Set during the declining years of the Tokugawa shogunate, Shadow Hunters details the questionably noble exploits of three ronin who act as "Shadow Hunters". These three ronin are not your normal ornery ruffians who are looking for a drink, a broad, and someone to jab a sword into, but are in fact former samurai who, rather than follow their destroyed fiefs and murdered masters into death via seppuku, have dedicated their combined sword prowess to stopping the government from raping its daimyos for valuable resources.

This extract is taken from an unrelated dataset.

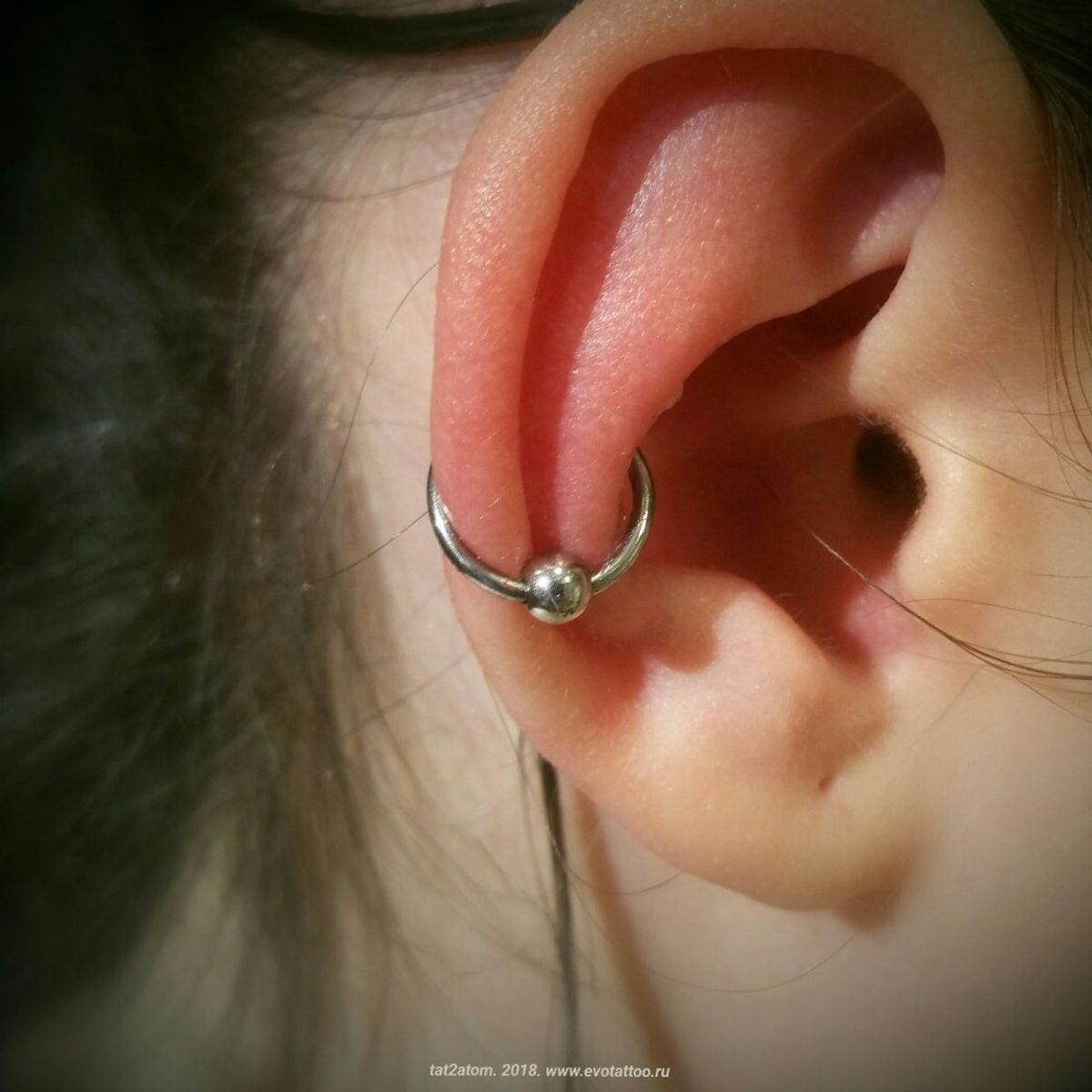 Tattoo uploaded by Вадим • Пирсинг ушной раковины - Конч - Conch ...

It turns out that in the Tokugawa era's twilight years, one of the tools that the shogunate would screw their daimyos with would be the ninja - sometimes referred to as 'shadows'. The 'shadows' would manipulate the daimyos by planting incriminating anti-shogunate evidence (therefore they could be taken over under the ruse of being treasonous or mutinous), by stealing valuable documents (asserting a fiefdom's inalienable right of existence), or by the assassination of key political figures and lords. In a sense, the Shadow Hunters act as a kind of firefighter to the Tokugawa shogunate's ninja bad guys; moving from land to land, offering their swords and ridding Japan of the accursed 'shadows' that destroyed their own clans.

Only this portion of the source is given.